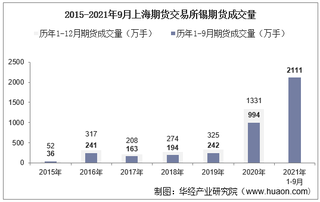 2021年9月上海期货交易所锡期货成交量、成交金额及成交均价统计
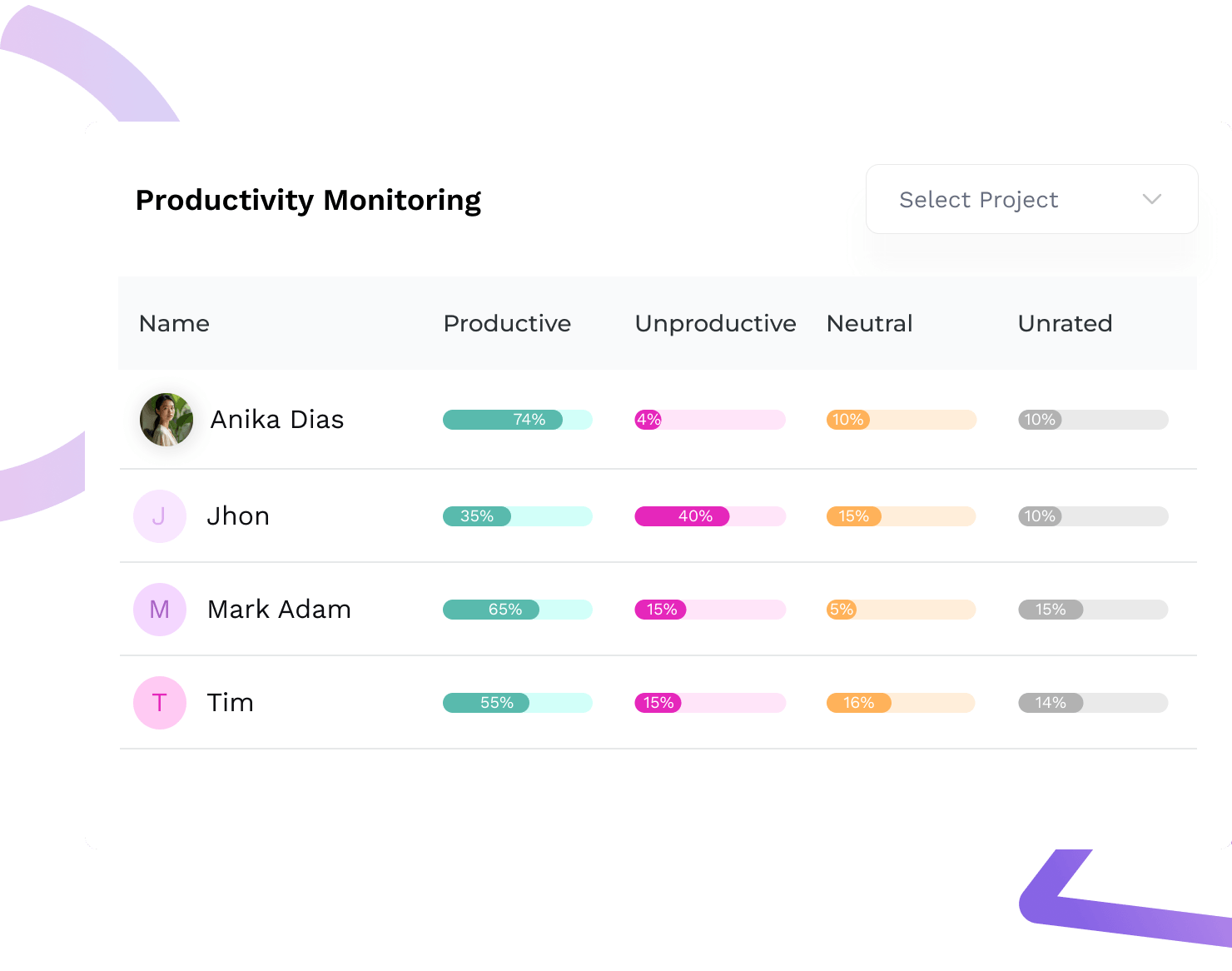 Productivity Monitoring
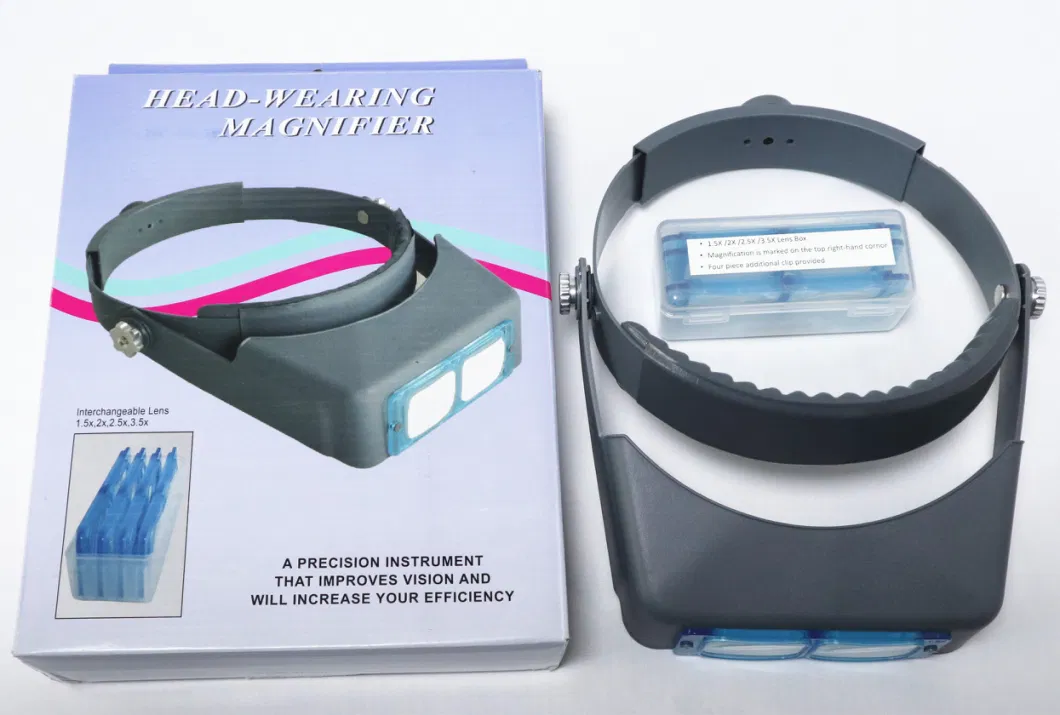Wear a High Quality Maintenance Reading Magnifier with 4 Optical Glass Lenses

________________________________________

■ **The task**: Retype only the lines from the line with "Productivity Monitoring" through the last line of the data. Keep both ends and skip the pictures.

■ **Response area**:
 Productivity Monitoring
Wear a High Quality Maintenance Reading Magnifier with 4 Optical Glass Lenses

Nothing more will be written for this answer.